What Is Chaos Engineering and Why You Should Break More Things On Purpose
If it ain’t broke… break it?!
We now live firmly in the digital age, and as more and more organisations’ core services run in the cloud, there’s an assumption cloud will solve all our problems. As organisations embark on their digital transformation journeys, preparation for the worst-case scenario should be at the forefront of plans.
Though you cannot plan for an outage, we can be prepared for the worst case, and how do we do that? Through chaos engineering.
Chaos engineering is a method that has gained popularity over the past few years to help prepare the team for the “worst-case scenario” and help identify weaknesses within their highly-distributed cloud-native systems.
While the method is typically associated with innovative tech companies, it has gained popularity within large traditional enterprises such as the financial and insurance sector.

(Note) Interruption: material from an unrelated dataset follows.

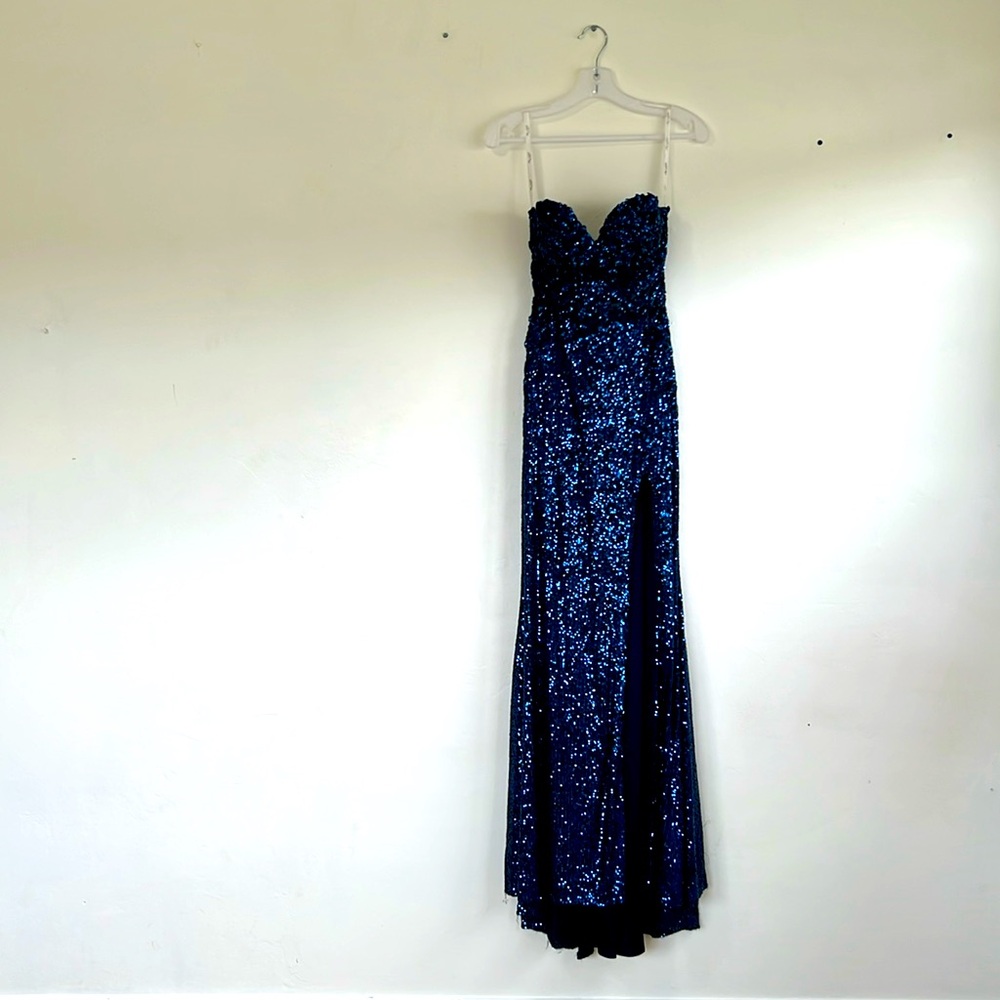 Womens formal dress with sequins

In this blog, we’ll cover:
- Chaos engineering: Definition
- Guiding Principles
- Who is using chaos engineering
- Why use chaos engineering
- Who is it for
- How to get started
What Is Chaos Engineering: A Definition
Testing for failures that you can predict is an essential part of software development. With organisations accelerating their digital transformation journeys and embracing cloud-native development, systems are becoming more complex. It’s more important than ever that teams ensure services can withhold the ‘chaos’ of production.
Chaos engineering principles can help organisations deliver robust, resilient cloud-native services that can withstand any failures.

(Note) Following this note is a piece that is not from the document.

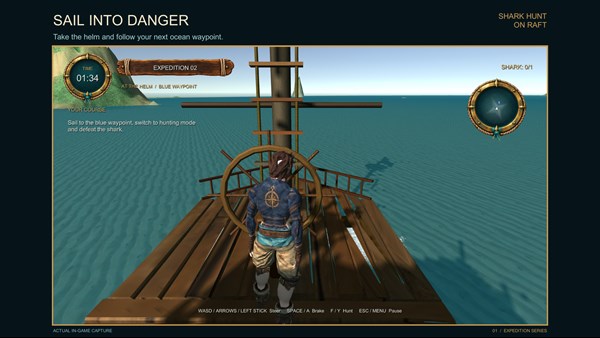 Shark Hunt on Raft — 1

What Is Chaos Engineering?
Chaos engineering is a method of testing distributed software that purposely introduces failure and faulty scenarios to demonstrate resilience during random disruptions to the system. By causing disruptions to your systems and applications, they can respond in unpredictable ways or break.
So How Does It Work in Practice?
Engineers subject the systems or software application to a controlled simulated crisis to test for unstable behaviour. As the application performance degrades or fails, chaos engineering findings help developers add resiliency into the code or the backend system, so the application can remain intact in an emergency.

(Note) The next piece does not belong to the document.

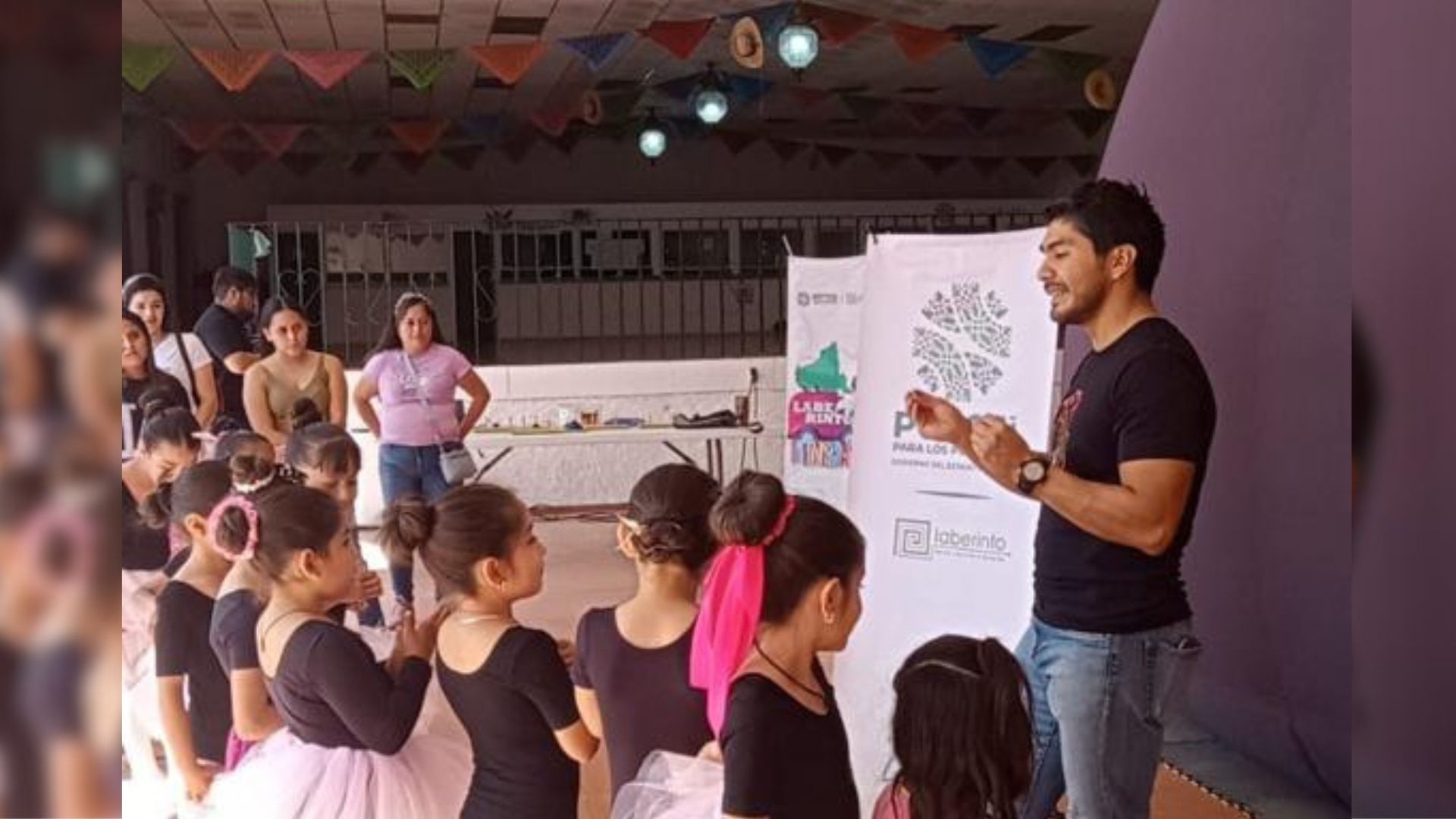 Laberinto itinerante en Tierranueva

The Origins of Chaos Engineering
In 2010, Netflix created Chaos Monkey following its migration from an on-premise data centre to AWS cloud. Chaos Monkey was designed to test various failure conditions to ensure that a failed component on AWS will not affect customers’ streaming experience.
Netflix further improved Chaos Monkey by introducing “failure injection mode” to test against different failure conditions to improve systems resilience.
Netflix then introduced the Simian Army. The Simian Army includes tools that test the resiliency of AWS infrastructure with failure modes like disabling the AWS region, dropping an availability zone, simulating network outages, and various other security scenarios.
When Netflix made Chaos Monkey open-source in 2012, Netflix reported the following,
"the best defence against major unexpected failures is to fail often. By frequently causing failures, we force our services to be built in a more resilient way."
Gremlin later introduced the first managed enterprise chaos engineering solution in 2016, which grew the adoption of chaos engineering practices in various industries.
Who Is Using Chaos Engineering?
Most people are familiar with the likes of Netflix, Facebook, Twilio and LinkedIn using chaos engineering to test for resilience. However, as mentioned, a growing number of more “traditional” enterprise organisations are implementing chaos engineering practices.
CASE STUDY 1 - National Australia Bank
In 2014, National Australia Bank migrated from on-premise infrastructure to AWS and used chaos engineering to help reduce their incident counts. NAB added Netflix’s Chaos Monkey to run directly on the nab.com.au production environment to get the full effect of the tool. The application constantly tests the resiliency of its Amazon-based infrastructure, and randomly kills servers within its architecture to make sure it has the ability to compensate for the failure.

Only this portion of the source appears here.